Tijdens en na traumatische ervaringen kan de lichamelijke gezondheid in gevaar komen. Iedereen moet proberen een gezond eet-, slaap- en bewegingspatroon aan te houden. Medicijnen en middelen die kalmeren (bijvoorbeeld angstremmers) en bedwelmen (bijvoorbeeld alcohol) moeten spaarzaam of helemaal niet worden gebruikt.

Een mindful benadering van zelfzorg is gericht op het verminderen van gevoelens van stress, verveling, boosheid, verdriet en isolatie die getraumatiseerde mensen meestal ervaren.
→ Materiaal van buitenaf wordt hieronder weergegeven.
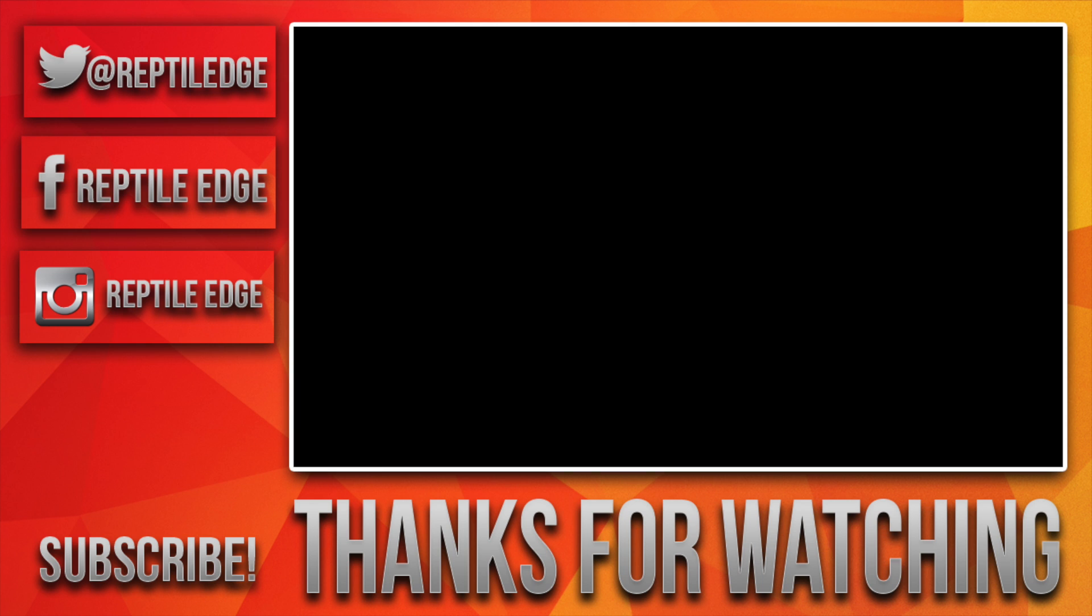If you liked this video, be sure to drop a like down below and comment if you have any questions. Be sure to subscribe for future content. Thanks.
Als de omstandigheden het toelaten, moeten mensen in risicosituaties een normaal dagelijks schema opstellen en volgen, bijvoorbeeld opstaan, douchen, aankleden, naar buiten gaan en een wandeling maken, regelmatige maaltijden bereiden en eten.

Het is nuttig om vertrouwde hobby's te beoefenen (of nieuwe hobby's te ontwikkelen). Andere activiteiten die leuk klinken en afleiding bieden (bijvoorbeeld een tekening maken, een film kijken of koken) zijn ook nuttig.

Betrokkenheid bij familie- en gemeenschapsaangelegenheden kan cruciaal zijn, zelfs als het moeilijk is om menselijke contacten te onderhouden tijdens een crisis.

Het is nuttig om de tijd die je aan het nieuws besteedt te beperken en je in plaats daarvan te richten op andere activiteiten, zoals het lezen van een roman of het leggen van een puzzel.

Psychotherapie
Er is beperkt bewijs dat psychotherapie een effectieve behandeling is voor aanpassingsstoornissen. Als het wordt gebruikt, kan psychotherapie aanpassingsstoornissen op een algemene manier aanpakken of worden gebruikt om specifieke elementen van de stoornis (bijvoorbeeld verdriet, trauma en roltransities) te verbeteren.

Medicijnen
Er is ook beperkt bewijs dat medicijnen effectief zijn bij de behandeling van aanpassingsstoornissen. Bepaalde soorten antidepressiva, selectieve serotonine heropnameremmers (SSRI's) genoemd, zijn met succes gebruikt om de symptomen te behandelen van angst- of depressieve stoornissen die mogelijk samen met de aanpassingsstoornis zijn gediagnosticeerd.